Would you please repeat, word for word, only the lines from the one holding "Manisa Büyükşehir Belediyesi, Şehzadeler" through the one holding "Класні стильні модні сапожки черевички" in the material below, without the pictures?

§ SOURCE RECORDS
--------------------------------------------------

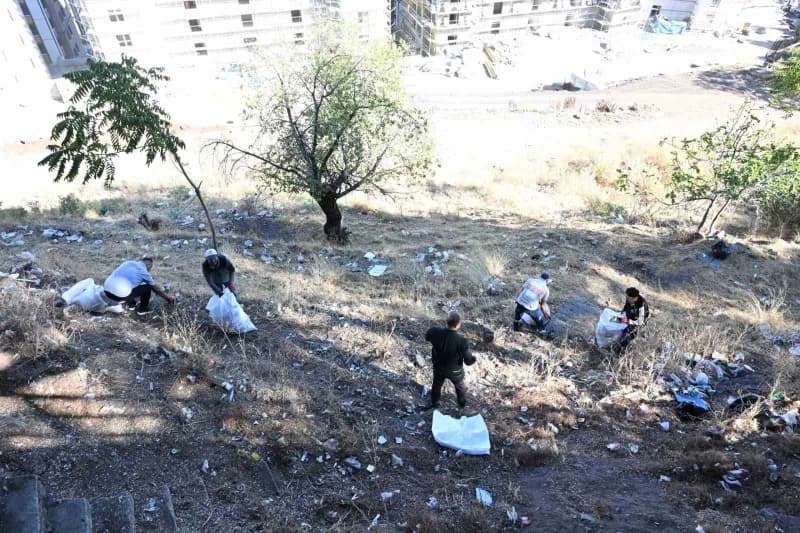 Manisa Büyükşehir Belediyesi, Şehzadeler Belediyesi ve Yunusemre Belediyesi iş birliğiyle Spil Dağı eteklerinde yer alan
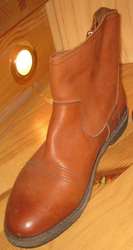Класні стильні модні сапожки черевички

--------------------------------------------------

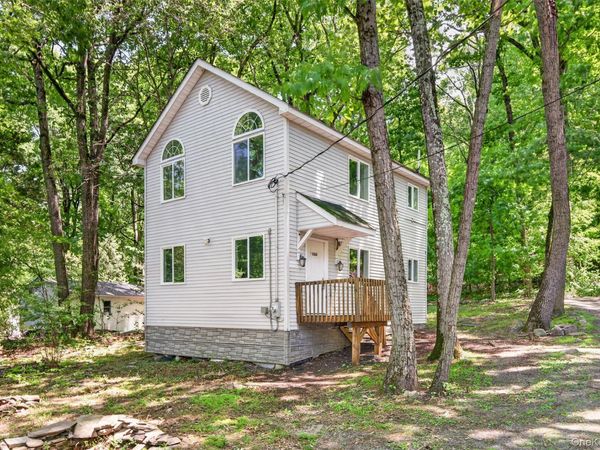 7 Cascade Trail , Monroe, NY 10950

--------------------------------------------------

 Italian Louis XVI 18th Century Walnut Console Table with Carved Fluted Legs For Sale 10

--------------------------------------------------

§ WRITTEN REPLY
 Manisa Büyükşehir Belediyesi, Şehzadeler Belediyesi ve Yunusemre Belediyesi iş birliğiyle Spil Dağı eteklerinde yer alan
Класні стильні модні сапожки черевички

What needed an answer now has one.